▶ _Stored items_
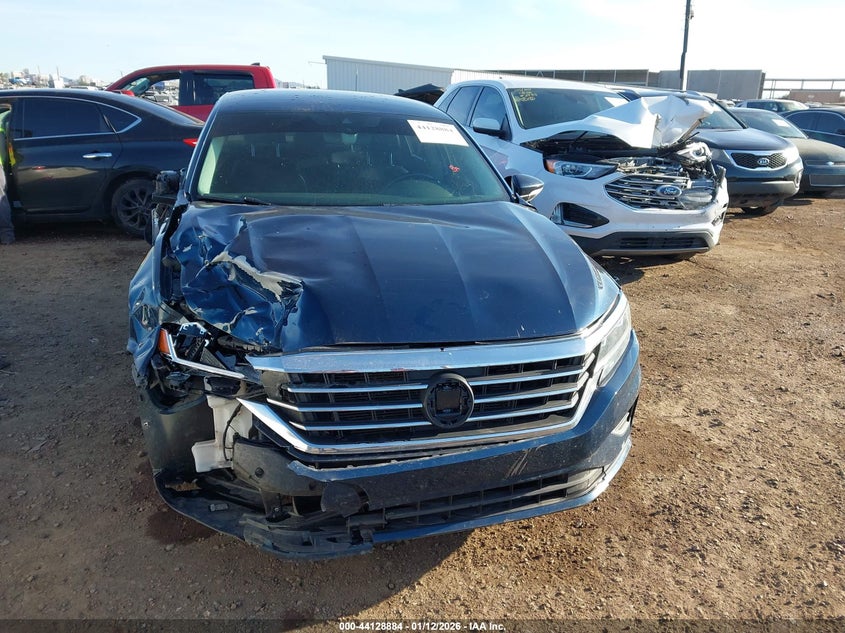 VIN 1VWSA7A3XLC014236 2020 VOLKSWAGEN PASSAT 2.0T SE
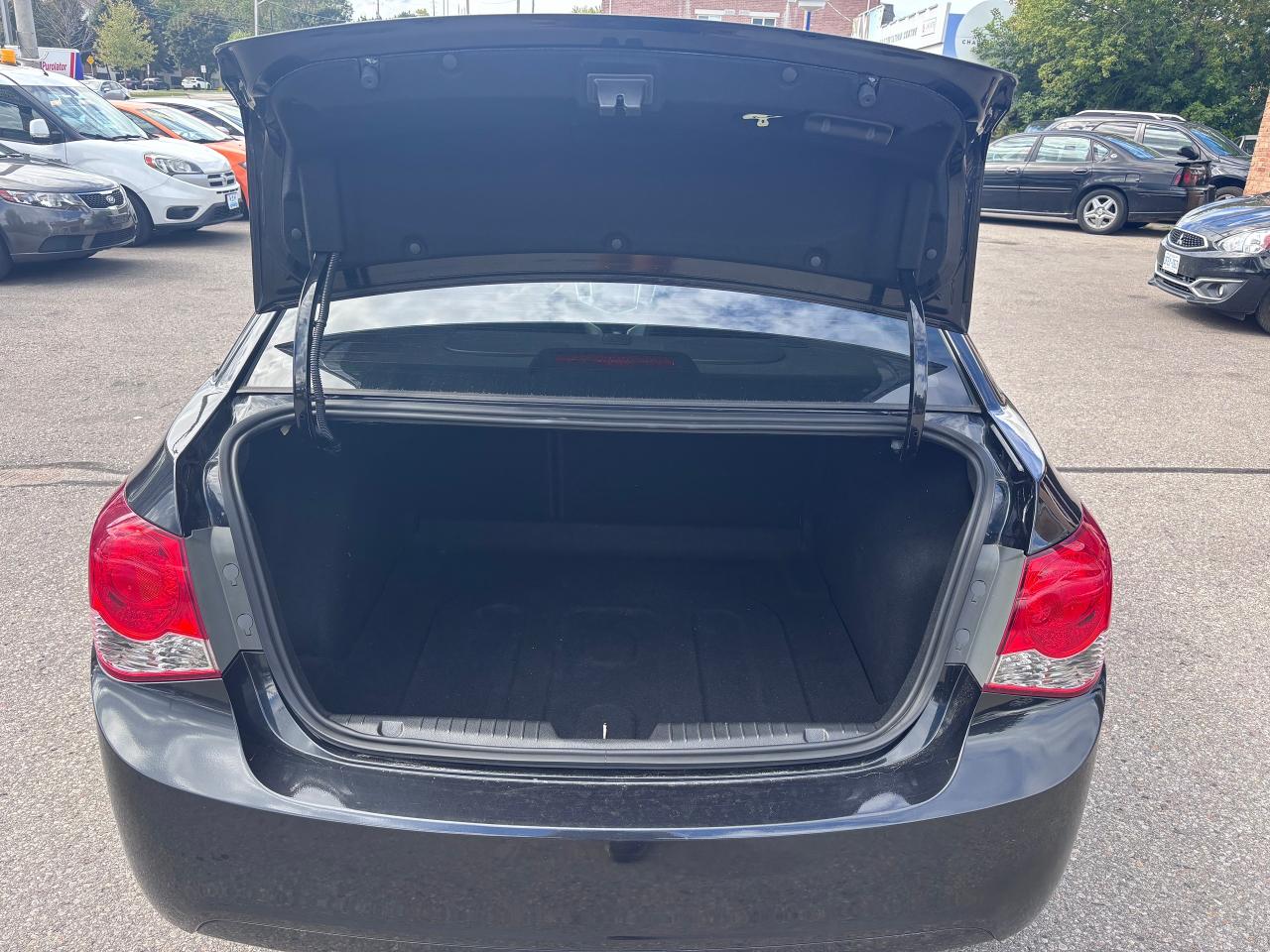 2015 Chevrolet Cruze 2LT HEATED SEATS MOONROOF - Photo #9
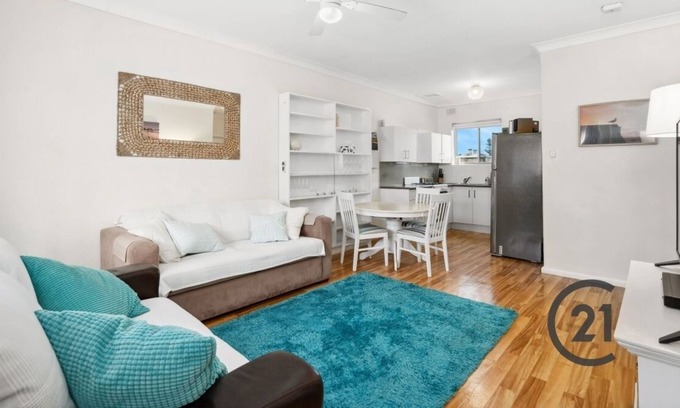 Semaphore Apartment | Right in the heart of Iconic Semaphore!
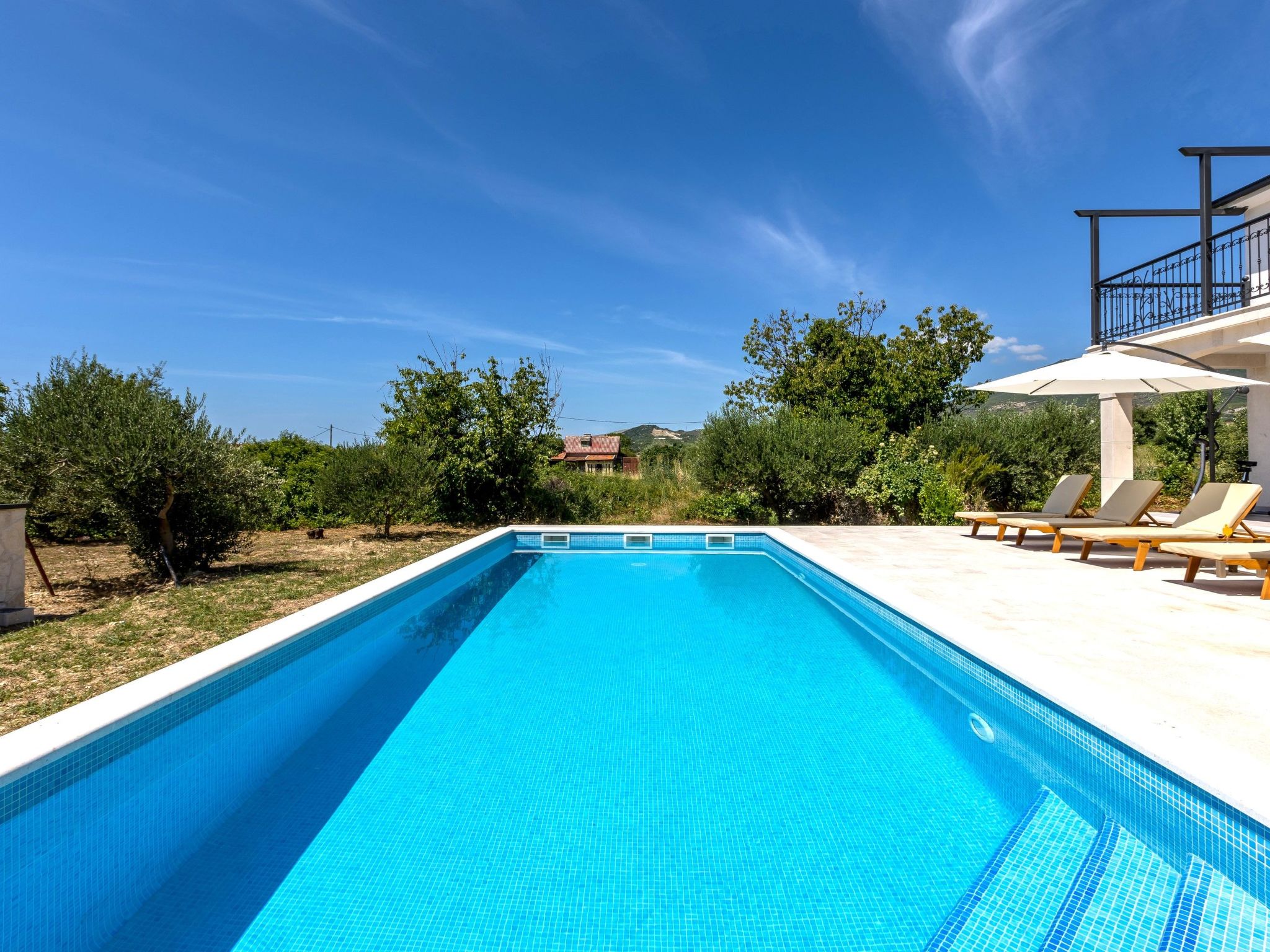 Villa Summertime-Binnen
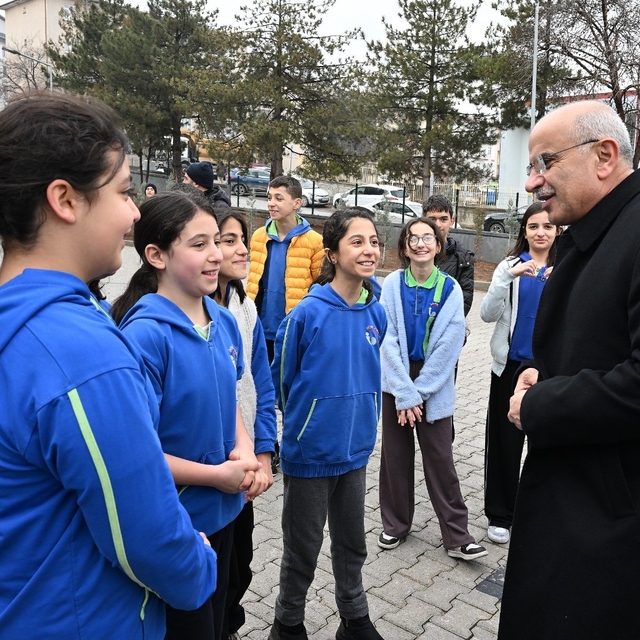 Başkan Er, İnönü Ortaokulu'na konuk oldu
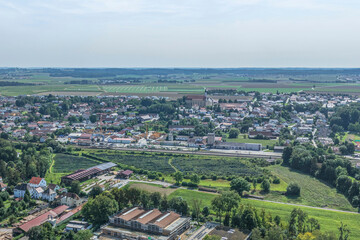 Die Stadt Osterhofen im Landkreis Deggendorf in Niederbayern von oben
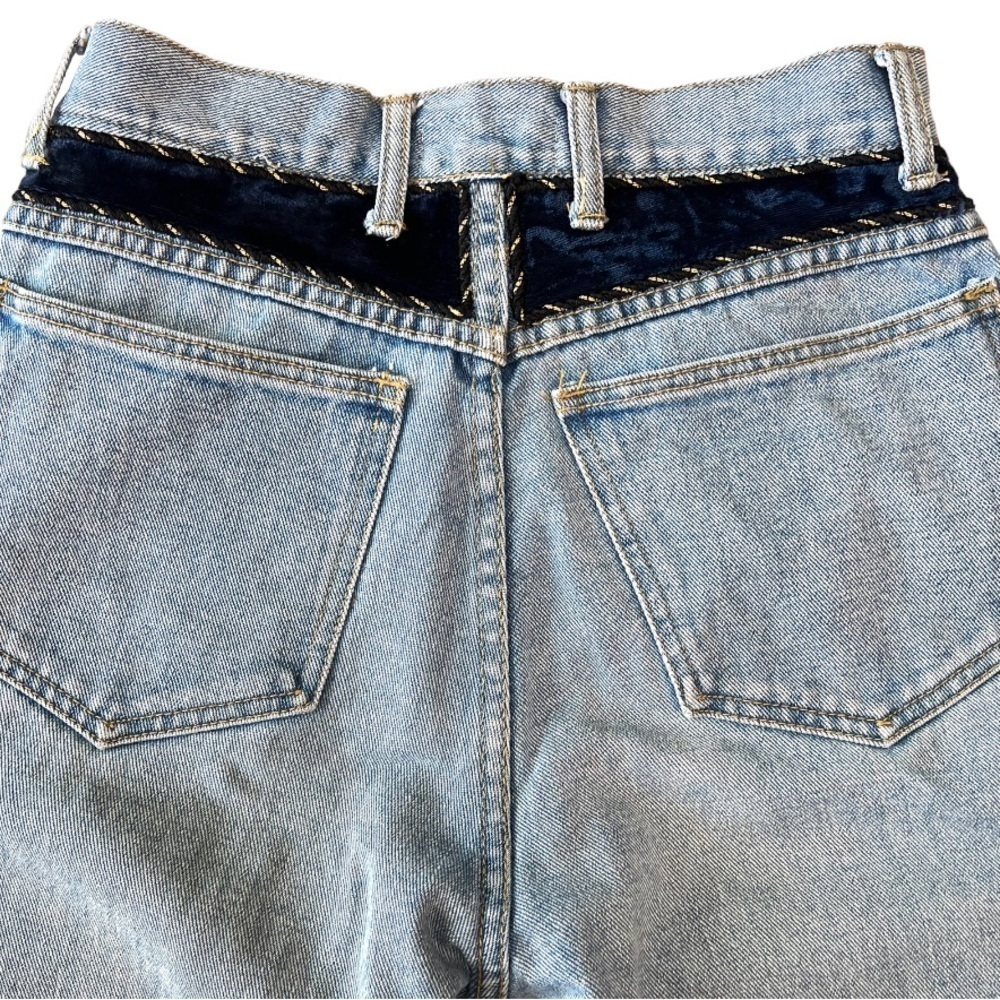 Vintage JL Harris High Rise Light Wash Velvet Trim 90s Tapered Mom Jeans Size 8 - Picture 8 of 12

▶ _PROBLEM_
Each line from the one containing "Villa Summertime-Binnen" to the final line of the data must be printed exactly, both included, with nothing else and no pictures.

▶ _ANSWER TO THIS EXERCISE_
 Villa Summertime-Binnen
 Başkan Er, İnönü Ortaokulu'na konuk oldu
 Die Stadt Osterhofen im Landkreis Deggendorf in Niederbayern von oben
 Vintage JL Harris High Rise Light Wash Velvet Trim 90s Tapered Mom Jeans Size 8 - Picture 8 of 12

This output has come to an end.